Their strategy and approach is always shifting, but the end game remains the same: results.
(acoustic upbeat country music) These fluffy fields have been a familiar site in Georgia for nearly 300 years.
In fact, Georgia was the first colony to produce cotton commercially, first planting it near Savannah in 1734, and it's a crop that remains an important part of Georgia and the nation's economy.
Cotton-related jobs employ over 53,000 Georgians and have an economic impact of over $3 billion.
This week, we explore the world of cotton, from the seeds to the seams.
- I'm Carson Cross and I'm from Midville, Georgia, and my family grows cotton, corn, peanuts, and wheat, and we're also in the ginning business.
The cotton plant on our farm is mostly just, you know, upland cotton, just your basic cotton that you make T-shirts out of.

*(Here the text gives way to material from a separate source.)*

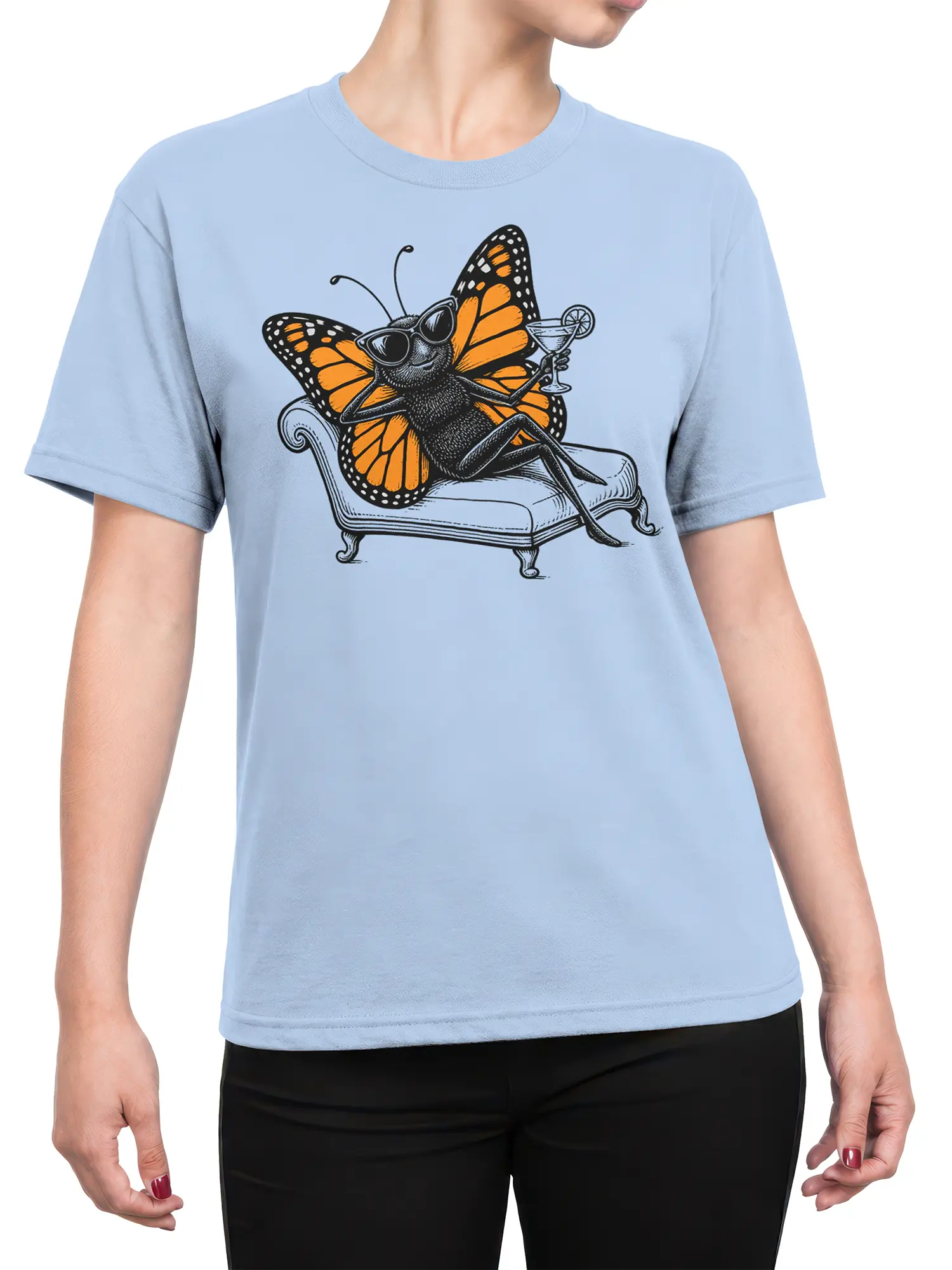 Female torso wearing a light blue butterfly T-shirt with sunglasses and cocktail artwork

The basic parts of the cotton plant is first, you have your plant itself.
It comes out with two leaves and then it keeps growing in what they call nodes and cotton will have anywhere from 18 to like 20 something nodes on it in a good growing season.
Our main goal is to keep a bloom on for 45 days until it becomes a mature boll, and then your mature boll opens and then you get a cotton boll and you start seeing the white stuff in the field that you see.

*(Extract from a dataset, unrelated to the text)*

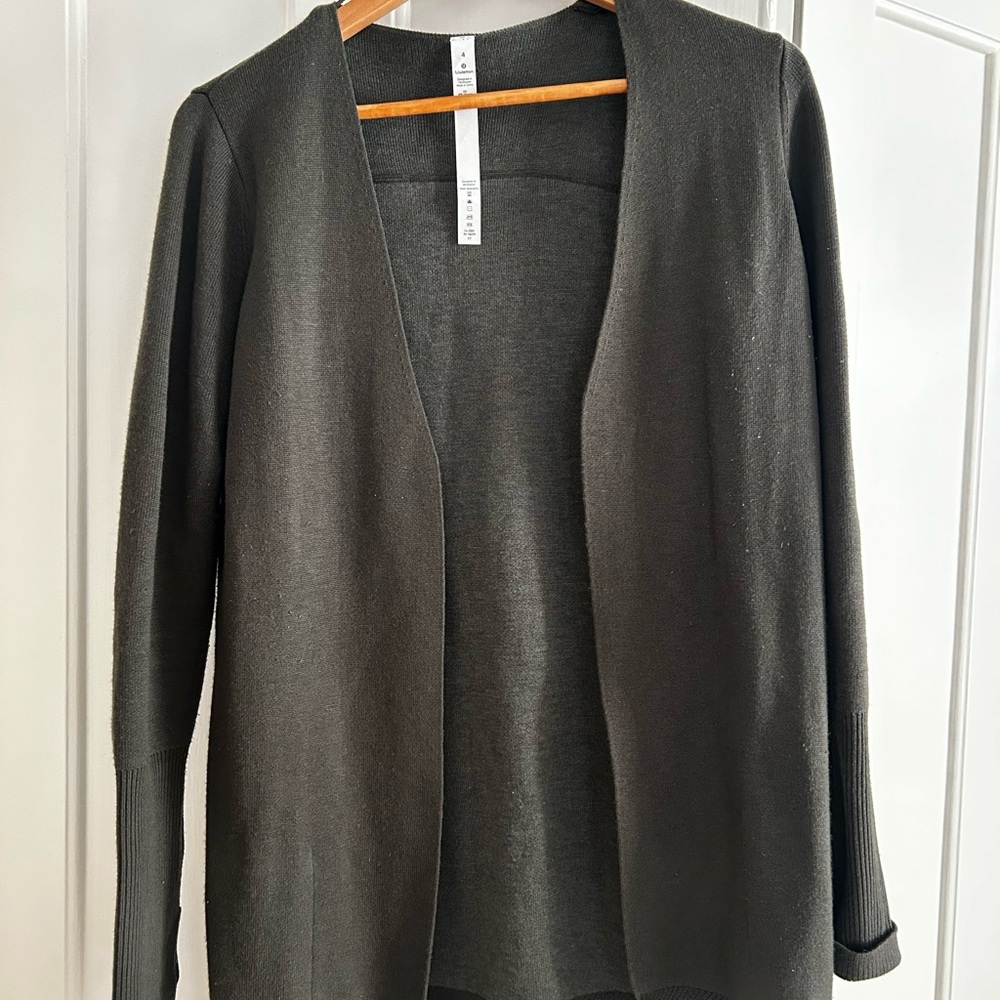 Lululemon Athletica Dark Green Open Cardigan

So when cotton harvested, the next stage is, you know, getting it to the gin or transport it to the gin.
Usually you have a farmer will stack it in stacks or stuff it in the gin or the farmer will transport the cotton to the gin and then after that process, it's moved onto the ginning process.
The gin takes it in there and they separate the seed from the lint.
The raw cotton, which is a lint cotton, it goes into the warehouse for storage, processing, and then whoever buys it, it goes onto the ports and most of it's exported overseas.
(dramatic music) - [David] Let's begin our journey through the cotton fields southeast of Macon in Twiggs County to join up with a farmer in the planting stages.
(upbeat country music) - We're planting cotton, 12 row, 38" row population, 30,000 seed per acre is what we're shooting for.
- [David] How do you pick your times?
- [Mark] A lot of it's got to do with soil temperature.
We've planted about 300 acres already, which wasn't ideal, but we have to go ahead and start so we can get over it.
All the times when it's right to plant, you gotta go, you gotta run, you know, 13, 14 hour days and you know you want it in the 80 or 90 degrees so the soil temperature stays at a certain temp.
- [David] Once you do plant, what are the conditions you're looking for for the rest of the year until you start getting the blooms?
- Ideally you'd want, you know, an inch, inch and a half of rain every week.
It'd be optimal if you could split it up, get a half inch at the very beginning of the week and half inch at the end or rain every Friday so you got the weekend off, but you know that doesn't happen.
You know, it's a good yielding crop in this area.
It's pretty forgiven.
You get 60 good days at the end of the year with good rainfall, it gives you a chance at the end, it can make a good crop.
(gentle acoustic guitar music) - [David] Executive Director of the Georgia Cotton Commission, Taylor Sills, joined me on my journey through the planting, growing and picking of cotton.
- So the Georgia Cotton Commission is a state checkoff program for cotton producers.
We're mandated by law to invest grower funds in programs of research, promotion and education, and we help to represent 3,500 cotton producers across the state like Mark and his brother, Hudson.
We grow cotton on a given year between 95 and 100 counties.
This year we're gonna plant 1.2 million or a little less acres.
- [David] It's really impressive, the number of cotton farmers.
Has that stayed the same over the years or is that something that has transitioned?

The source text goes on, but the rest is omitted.